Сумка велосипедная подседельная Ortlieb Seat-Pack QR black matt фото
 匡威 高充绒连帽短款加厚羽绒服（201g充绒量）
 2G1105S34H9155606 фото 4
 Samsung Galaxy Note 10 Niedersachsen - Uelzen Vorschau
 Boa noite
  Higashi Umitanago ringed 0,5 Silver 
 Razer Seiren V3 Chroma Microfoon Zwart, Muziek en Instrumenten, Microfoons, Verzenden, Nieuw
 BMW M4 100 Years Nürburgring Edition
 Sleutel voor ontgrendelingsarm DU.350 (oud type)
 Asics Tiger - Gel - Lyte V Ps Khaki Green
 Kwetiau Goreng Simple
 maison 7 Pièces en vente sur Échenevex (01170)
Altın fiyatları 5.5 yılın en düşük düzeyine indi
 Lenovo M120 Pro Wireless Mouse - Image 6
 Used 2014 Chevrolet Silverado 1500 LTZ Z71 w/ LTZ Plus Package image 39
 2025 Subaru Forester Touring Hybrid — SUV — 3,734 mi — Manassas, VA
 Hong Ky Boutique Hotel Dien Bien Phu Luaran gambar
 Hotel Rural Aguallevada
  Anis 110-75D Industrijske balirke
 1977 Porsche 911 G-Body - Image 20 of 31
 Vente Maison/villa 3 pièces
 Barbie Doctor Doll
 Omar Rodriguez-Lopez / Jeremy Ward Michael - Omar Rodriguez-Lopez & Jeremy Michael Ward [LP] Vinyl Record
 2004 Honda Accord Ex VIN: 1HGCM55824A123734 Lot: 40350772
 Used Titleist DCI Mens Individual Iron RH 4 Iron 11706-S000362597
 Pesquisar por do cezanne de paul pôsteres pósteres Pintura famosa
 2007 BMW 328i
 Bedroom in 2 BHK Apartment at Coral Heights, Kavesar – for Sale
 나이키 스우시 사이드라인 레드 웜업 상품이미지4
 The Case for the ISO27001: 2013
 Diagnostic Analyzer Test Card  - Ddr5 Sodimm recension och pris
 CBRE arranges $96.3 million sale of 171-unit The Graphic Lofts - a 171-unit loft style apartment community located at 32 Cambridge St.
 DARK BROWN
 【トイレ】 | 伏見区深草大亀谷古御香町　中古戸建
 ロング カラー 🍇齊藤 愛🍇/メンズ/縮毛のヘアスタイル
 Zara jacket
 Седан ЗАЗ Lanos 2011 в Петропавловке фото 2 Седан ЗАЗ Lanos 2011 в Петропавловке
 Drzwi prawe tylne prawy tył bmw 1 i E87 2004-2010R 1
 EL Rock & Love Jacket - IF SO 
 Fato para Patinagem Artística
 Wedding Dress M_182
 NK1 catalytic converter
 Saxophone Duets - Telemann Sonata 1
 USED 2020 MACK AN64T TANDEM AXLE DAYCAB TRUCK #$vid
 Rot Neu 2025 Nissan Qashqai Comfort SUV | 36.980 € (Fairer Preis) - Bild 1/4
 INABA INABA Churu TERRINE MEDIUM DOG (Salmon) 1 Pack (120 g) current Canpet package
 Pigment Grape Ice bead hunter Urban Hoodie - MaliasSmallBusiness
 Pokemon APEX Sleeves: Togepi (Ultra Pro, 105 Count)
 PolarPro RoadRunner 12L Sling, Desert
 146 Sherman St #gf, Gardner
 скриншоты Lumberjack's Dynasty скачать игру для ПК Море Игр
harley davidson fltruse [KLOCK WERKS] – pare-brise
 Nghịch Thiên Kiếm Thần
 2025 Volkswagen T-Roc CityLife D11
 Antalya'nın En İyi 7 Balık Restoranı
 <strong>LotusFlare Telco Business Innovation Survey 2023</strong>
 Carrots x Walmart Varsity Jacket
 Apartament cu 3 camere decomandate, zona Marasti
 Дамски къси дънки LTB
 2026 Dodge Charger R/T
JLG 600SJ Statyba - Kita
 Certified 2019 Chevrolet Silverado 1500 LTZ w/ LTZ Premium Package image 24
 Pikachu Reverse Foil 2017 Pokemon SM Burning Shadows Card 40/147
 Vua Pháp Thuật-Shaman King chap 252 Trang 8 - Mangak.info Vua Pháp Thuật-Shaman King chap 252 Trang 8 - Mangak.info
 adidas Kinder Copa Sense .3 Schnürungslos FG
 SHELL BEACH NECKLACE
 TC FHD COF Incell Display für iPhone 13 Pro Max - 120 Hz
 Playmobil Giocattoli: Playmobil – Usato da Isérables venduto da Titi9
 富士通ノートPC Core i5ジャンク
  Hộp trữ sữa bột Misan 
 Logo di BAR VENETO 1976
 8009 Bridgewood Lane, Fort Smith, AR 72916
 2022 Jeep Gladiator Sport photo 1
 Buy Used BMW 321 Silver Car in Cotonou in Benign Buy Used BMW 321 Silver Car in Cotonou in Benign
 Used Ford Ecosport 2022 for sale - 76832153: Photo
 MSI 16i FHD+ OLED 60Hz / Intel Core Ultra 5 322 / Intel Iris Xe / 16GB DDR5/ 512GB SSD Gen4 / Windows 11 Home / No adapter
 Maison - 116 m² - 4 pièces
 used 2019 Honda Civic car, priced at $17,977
======
=== Action item ===
Within the material above, the line with "NK1 catalytic converter" opens the range and the line with "INABA INABA Churu" closes it; reproduce that range word for word.

=== Your solution ===
 NK1 catalytic converter
 Saxophone Duets - Telemann Sonata 1
 USED 2020 MACK AN64T TANDEM AXLE DAYCAB TRUCK #$vid
 Rot Neu 2025 Nissan Qashqai Comfort SUV | 36.980 € (Fairer Preis) - Bild 1/4
 INABA INABA Churu TERRINE MEDIUM DOG (Salmon) 1 Pack (120 g) current Canpet package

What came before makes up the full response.